Pero la mayoría de novelistas contemporáneos parece ignorar ese consejo
de Borges; también las editoriales, al no promover colecciones o
concursos de novela negra o policial. He llegado a pensar en
una conspiración mundial para querer aburrirnos. ¡Cuándo la principal
función de una novela es divertir!

En medio de tanta novela aburrida me he dedicado a leer novelas policiales de género negro. No importa que las olvidemos rápido si han logrado divertirnos; no hay
que leerlas con ese trascendentalismo con que leemos a Nietzsche o con
la cara larga de un tratado erudito. Sí, en cambio, con la liviandad
de deslizar nuestros ojos, página tras página, en el misterio
de quién cometió el crimen, bajo qué móviles, cómo y por qué.
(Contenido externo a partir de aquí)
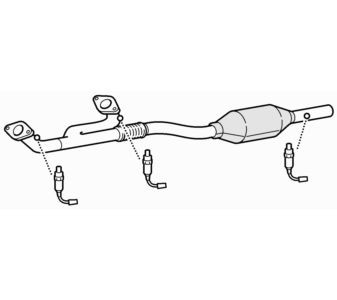 Front pipe catalytic - pipe, &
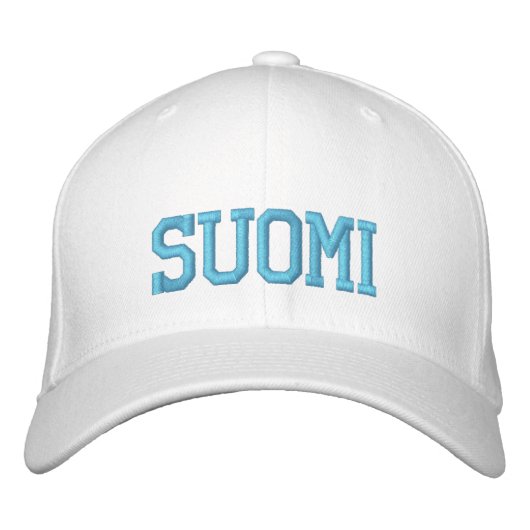 SUOMI (Finnland) Wollkappe Bestickte Kappe (Vorderseite)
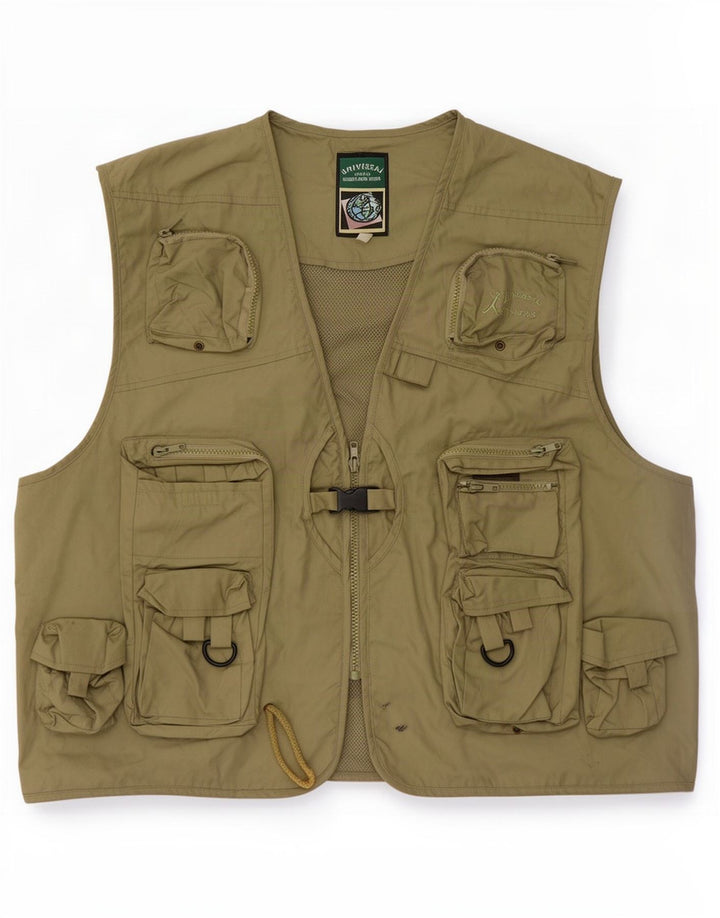 Męska kamizelka użytkowa IT 58 4XL, bawełniana khaki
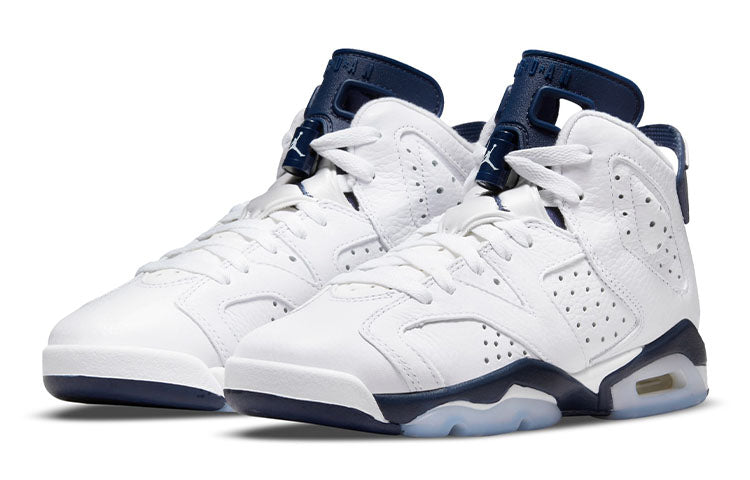 Air Jordan 6 Retro GS Midnight Navy 384665-141 - Angle View 3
Mientras
tanto, si se le antoja, esa novela negra puede pasearnos por todo tipo de
temas, hablarnos de matemática, de astronomía, de la maternidad entre
los marsupiales, de la importancia de los gatos entre los antiguos
egipcios, siempre y cuando esas tramas intercaladas terminen por ayudar
a resolver el crimen cometido.

¡Ah! Son una delicia leerlas.

Hace poco he leído «Crímenes
imperceptibles» del argentino Guillermo Martínez (Premio Planeta, 2003),
sin saber ahora qué me ha seducido más de esa novela negra, si el
suspenso por hallar al asesino múltiple o si la trama intercalada sobre
famosos acertijos en la historia de las matemáticas. He olvidado ya la
trama de varias novelas del cubano Leonardo Padura Fuentes, pero cómo
me gocé leyendo los raciocinios de Mario Conde, el policía habanero.
No quiero terminar todavía «El largo adiós» de Raymond Chandler. No. Lo juro:
en lo que he leído en mi corta vida de rata de biblioteca pocas
veces me había topado con un protagonista tan bien hecho como Marlowe,
el detective privado de Los Angeles. 

Nada hay más dañino en una novela, cualquiera que sea, que la pose pseudointelectual.
Hoy, quizás por ese prurito intelectualoide, la mayoría de
novelistas se oponen a divertirnos. O se empeñan en impactarnos con
realidades miserables sin misterio y sin suspenso, o bien con
cantidad de datos históricos cuando la erudición tiene su campo en el
ensayo. La llamada novela de ensayo, salvo algunas excepciones, suele
ser un fracaso. Y aun en esas buenas excepciones como Thomas Mann, Vargas Llosa, Pamuck, o entre nosotros Germán Espinosa, sus novelas jamás dejan de acudir a la acción, ni abandonan el suspenso o el thriller.